-- Exercise requirements --
All lines below starting at the one that holds "We are defining" and ending at the one that holds "This project comes" should be printed exactly, ends included. Pictures should not be printed, nor anything else.

··· Exercise data

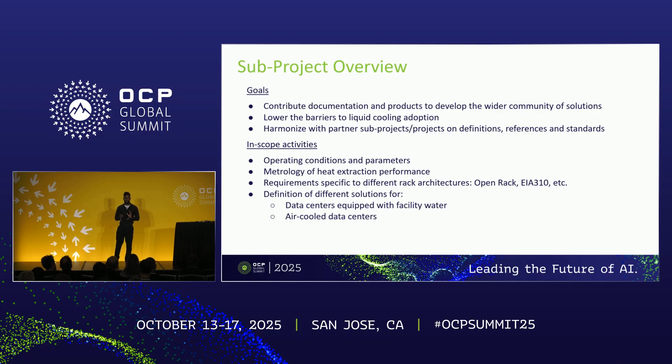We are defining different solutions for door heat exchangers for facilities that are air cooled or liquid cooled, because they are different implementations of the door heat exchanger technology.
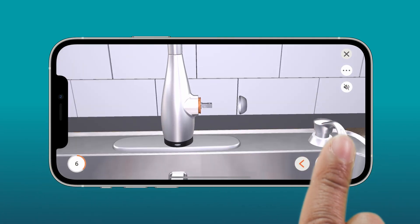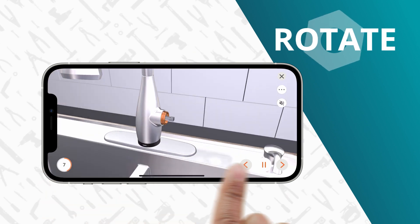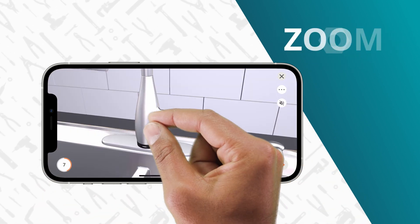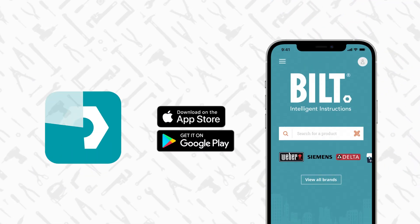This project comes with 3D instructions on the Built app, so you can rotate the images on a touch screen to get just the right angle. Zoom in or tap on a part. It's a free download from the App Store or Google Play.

······
··· Exercise data

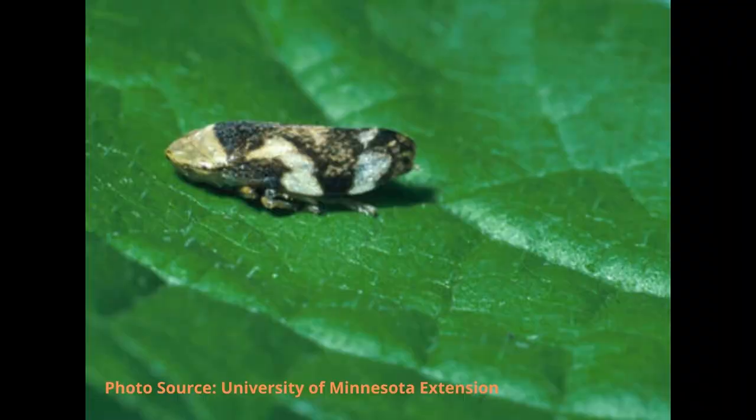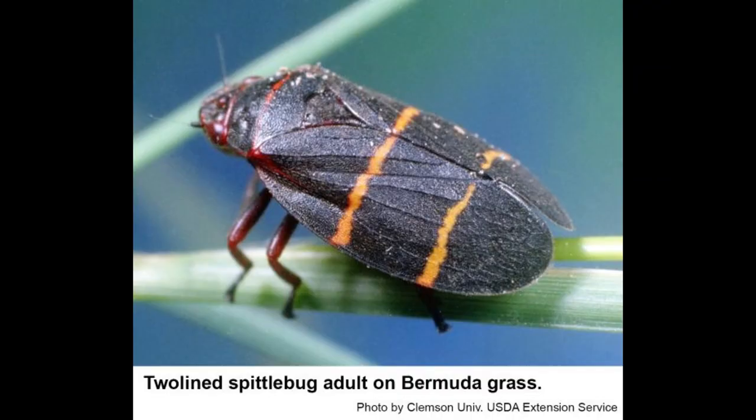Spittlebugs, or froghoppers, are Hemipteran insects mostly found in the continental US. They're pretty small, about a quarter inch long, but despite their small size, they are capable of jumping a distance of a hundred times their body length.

······
··· Exercise data

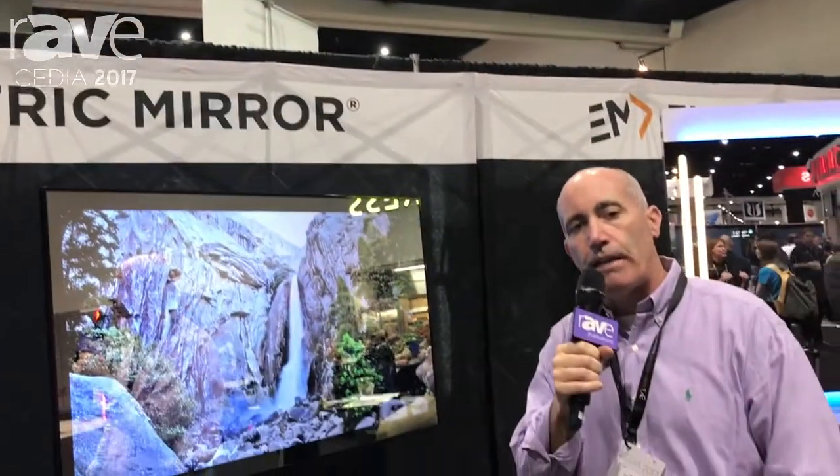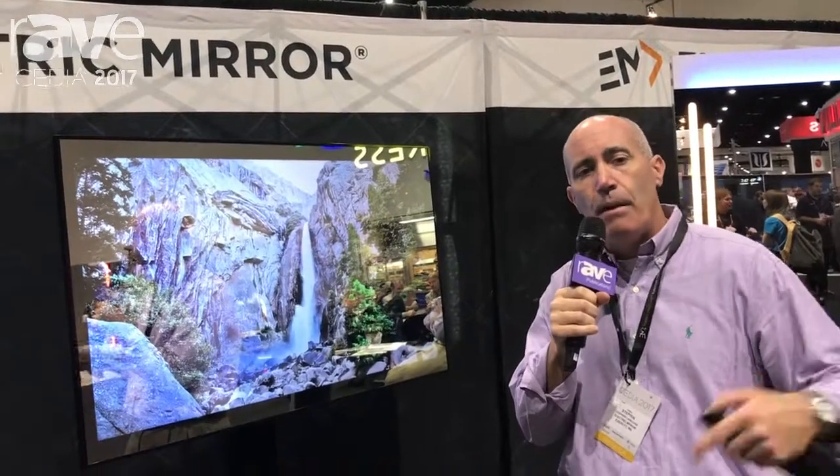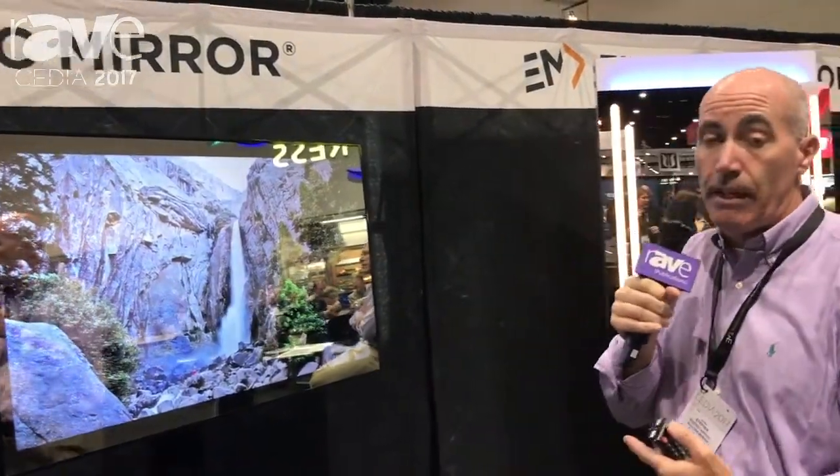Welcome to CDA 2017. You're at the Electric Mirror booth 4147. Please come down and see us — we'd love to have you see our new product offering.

······

-- The answer --
We are defining different solutions for door heat exchangers for facilities that are air cooled or liquid cooled, because they are different implementations of the door heat exchanger technology.
This project comes with 3D instructions on the Built app, so you can rotate the images on a touch screen to get just the right angle. Zoom in or tap on a part. It's a free download from the App Store or Google Play.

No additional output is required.